Today, I started my third semester learning Pottery at the Munson Williams Proctor Arts Institute. It felt really good to get my hands into the clay again. I was afraid that after four or five months of not being in front of a pottery wheel, that I would have lost my chops. Well, the good news is that it's as if I had never left. I was able to do what I wanted with the clay, immediately.Lest semester I did nothing but makes bowls. Bowl, after bowl, after bowl. Of course repetition is a great way to learn, and if you know me well, you probably have one of those bowls.
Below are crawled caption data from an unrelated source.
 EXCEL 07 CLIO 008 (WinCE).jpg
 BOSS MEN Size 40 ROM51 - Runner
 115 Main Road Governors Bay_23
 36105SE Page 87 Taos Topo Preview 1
This semester I intend to make more bowls, and to learn a few techniques that allow you to close the form to a smaller diameter, so that I can eventually move toward classic forms like Vases, and really classic forms like Amphorae.
I have always loved pottery, and had wanted to learn to do it since I was in the sixth grade. It took thirty years, but I finally got around to it. Despite the fact that I enjoy modern technology, one of the things that I love about pottery, is that it is a technology that in thousands of years, has changed very little. All you need is clay, and heat. How beautiful and elegant is that?
Last year I was on the phone with a friend late one night. He had called after midnight because he couldn't sleep, and apparently I was supposed to baby-sit him until he got tired. I happened to be awake so it was really no big deal. To entertain him we both got online and I gave him a tour of the MWPAI. For years I had been telling him about the Independent Film Series that I attend there on Friday nights, and more recently, the Pottery Studio. He was under the impression that because Utica in a small city, that I went to some backwater podunk theater to see films, and some tiny cellar studio to make pots. He was quite surprised to see the photos of the facility, and I feel lucky to go there every week to learn, and to work.
Hopefully some day I'll get really good at this.
(Pictured is the back of the Pottery Studio from the Courtyard looking into the Glazing Room, and below that, some of my pots.)